How to find all the strings in a long that are at most of n differentcharacters of a test string?

sln · Nov 21, 2008

Pilcrow said:
Pilcrow said:

Suppose I have a long string $a, and a test string $b.

I want to fine all the substrings in $a, whose length is the same as
$b with at most n mismatches.

For example, string 'abcdef' and string 'aacdxf' have two mismatches
at the 2nd character and the 5th character.

I'm wondering if this can be done easily in perl. Can I use regular
expression to solve this problem?

Not too hard the simple way.
-------------------------------------------------------------------
#!/usr/bin/perl
use strict; use warnings;

my $a =
"abcdefbacdefabbdefaaaaacdxfaaacdefcdefbacdefabbdefaaaaacdxfaaacdefaacdxfaacdfx";
my $b = "aacdxf";

my @a = split //,$a;
my @b = split //,$b;
my $limit = 2;
my $cnt;
my $lenb = length $b;
my @substrings = ();

print "\nmatching '$a' against '$b'\n";

OUTER:
for (my $i = 0; $i <= $#a-$lenb+1; $i++) {
$cnt = 0;
for (my $j = 0; $j <= $#b; $j++) {
$cnt++ unless $a[$i+$j] eq $b[$j];
next OUTER if $cnt > $limit;
}
my $sub = substr($a,$i,$lenb);
# push @substrings, $sub; # alternate output
print "match '$sub' at offset $i\n";
}

Click to expand...

Or more simpler as:

#!/usr/bin/perl
use strict;
use warnings;

my $a =
'abcdefbacdefabbdefaaaaacdxfaaacdefcdefbacdefabbdefaaaaacdxfaaacdefaacdxfaacdfx';
my $b = 'aacdxf';

my $limit = 2;
my $lenb = length $b;

print "\nmatching '$a' against '$b'\n";

while ( $a =~ /(?=(.{$lenb}))/sog ) {
next if ( $1 ^ $b ) =~ tr/\0//c > $limit;
print "match '$1' at offset $-[0]\n";
}

__END__

Click to expand...

Very elegant and fast, but you don't need all the modifiers /sog to the
regex, just /g will do.

Actually, he needs 'so' as well. If this is used in a multi-lined
way, the '.' needs the 's' modifier if it is possible a '\n' is encounterred
and could be part of the pattern.
The 'o' suggests to not recompile, which might happen, don't know, anything is
possible. By including both, no harm, ho foul.

sln

Peng Yu · Nov 21, 2008

It is a reference, concise and accurate (as much as possible), it is not
and never will be a tutorial.

Then you will have to look for a tutorial or dig down into those other
things. Very often it is not possible or not desirable to explain
something without making references to other concepts. And @- is
certainly not the right place to explain grouping in regular
expressions.

Thank you the example. I see what it means. In general, I think the
document can be made easier to read with more examples.

Click to expand...

But there are examples in that section:
<quote>
After a match against some variable $var:

"$`" is the same as "substr($var, 0, $-[0])"
"$&" is the same as "substr($var, $-[0], $+[0] - $-[0])"
"$'" is the same as "substr($var, $+[0])"
"$1" is the same as "substr($var, $-[1], $+[1] - $-[1])"
"$2" is the same as "substr($var, $-[2], $+[2] - $-[2])"
"$3" is the same as "substr $var, $-[3], $+[3] - $-[3])"
</quote>

I didn't understand the above examples because it refers to $-[0],
which was exactly what I wanted to understand.

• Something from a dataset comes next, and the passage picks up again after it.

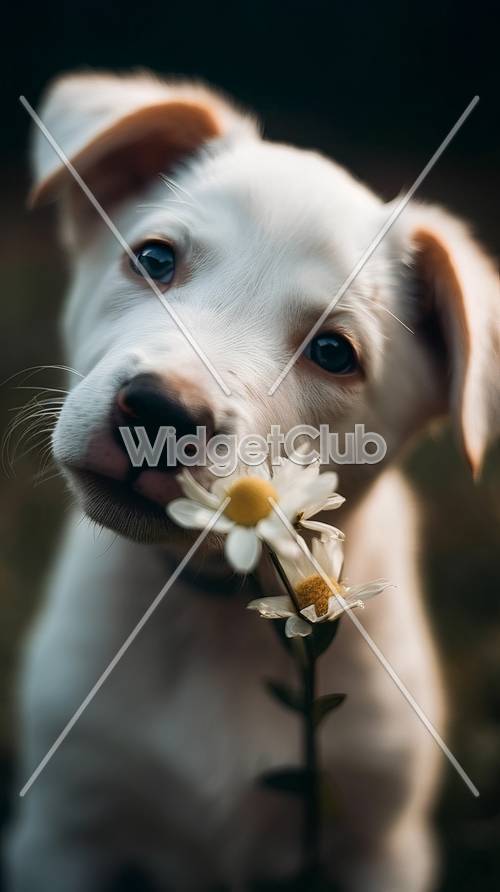 Chú chó con dễ thương với một bông hoa cúc trong miệng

Go ahead and write the fivehundredandnintysecond tutorial about Perl.
You will find that either you are repeating yourself all over the place
or you start using references all over the place because Perl's concept
are so intertwined and cannot be explained stand-alone.

Not to mention the ensuing maintenance nightmare when you have to fix
something all over the place.

I agree your points. But I think that the perldoc shall have as less
cyclic references as possible. If the example that you mentioned in
the perldoc is not cyclic referred, it would easier to read.

Thanks,
Peng

Sherm Pendley · Nov 21, 2008

Peng Yu said:
But there are examples in that section:
<quote>
After a match against some variable $var:

"$`" is the same as "substr($var, 0, $-[0])"
"$&" is the same as "substr($var, $-[0], $+[0] - $-[0])"
"$'" is the same as "substr($var, $+[0])"
"$1" is the same as "substr($var, $-[1], $+[1] - $-[1])"
"$2" is the same as "substr($var, $-[2], $+[2] - $-[2])"
"$3" is the same as "substr $var, $-[3], $+[3] - $-[3])"
</quote>

Click to expand...

I didn't understand the above examples because it refers to $-[0],
which was exactly what I wanted to understand.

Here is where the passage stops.